# Looking for Info Saddleseat Youth Leadline Classes



## emltowe (Mar 29, 2014)

Cannot find enough information about the Leadline classes for saddleseat. If I have read it correctly, the appropriate age for a child to begin Leadline is age 7? My grandsons are not close to this age, but I do want to learn more about Leadline. At this time I haven't bought a Hackney or ASB until my husband and I move to the country. 
Right now I am reading all that I can about the American Saddlebreds, Hackneys and the Welch Pony.


----------



## SEAmom (Jan 8, 2011)

Generally it's 7\8. At least it was when I was in high school.
_Posted via Mobile Device_


----------



## disastercupcake (Nov 24, 2012)

Yeah, by 4H rules it's 9 years old to start riding classes, the 'Cloverbuds' (7-8) do the Leadline classes. 

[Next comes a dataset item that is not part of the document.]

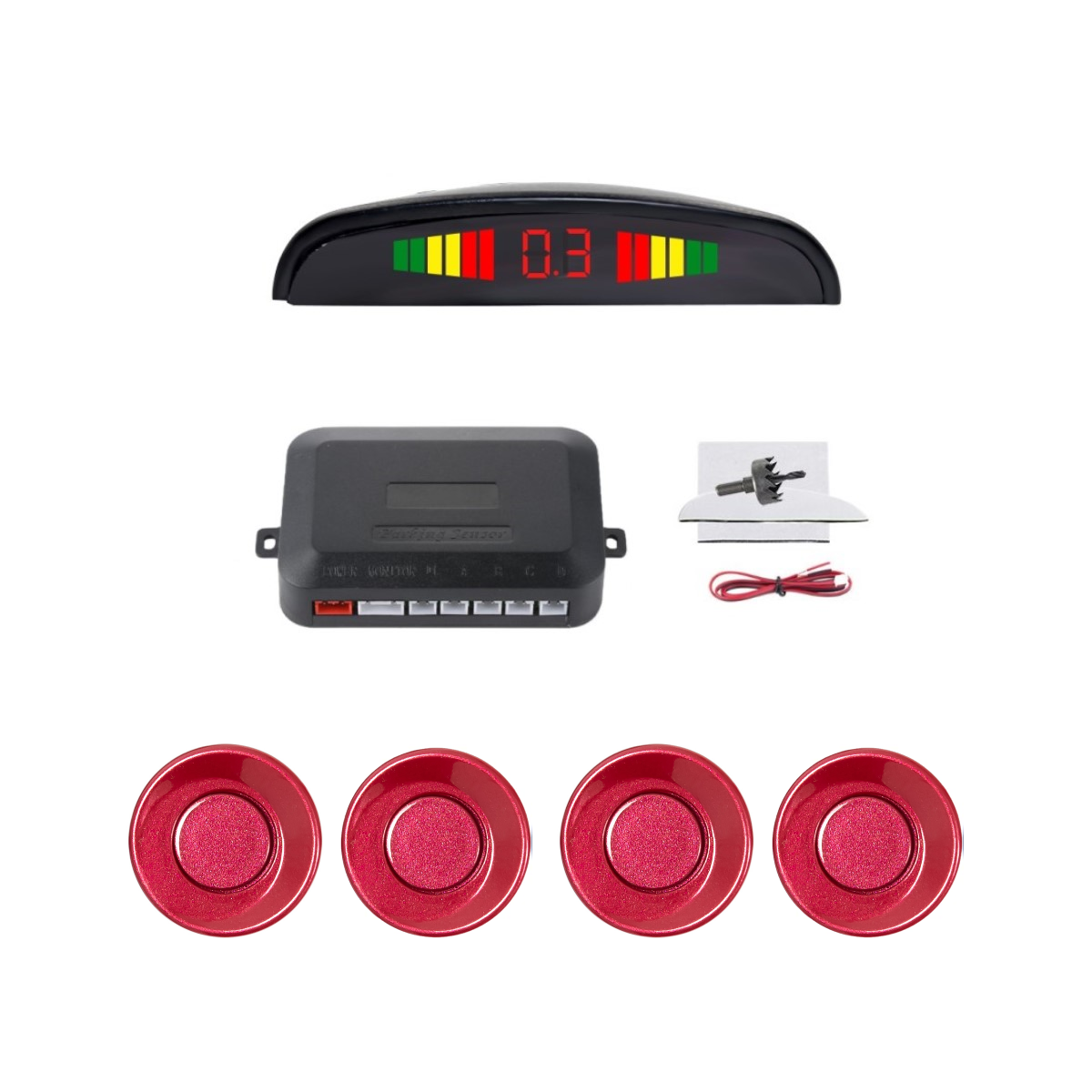 Set 4 senzori de parcare display LED, rosu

Could be different if it's not 4H


----------



## Saddlebred11 (Mar 27, 2014)

Just a little piece of info, if you don't already know this. Hackney ponies are spazes, don't get me wrong I think hackney ponies are like the best thing in the world(I grew up riding them) but I would maybe suggest if possible getting a base on a calm pony then move onto the joy that is hackney ponies. Trust me even when they are 25 they are cray cray!


----------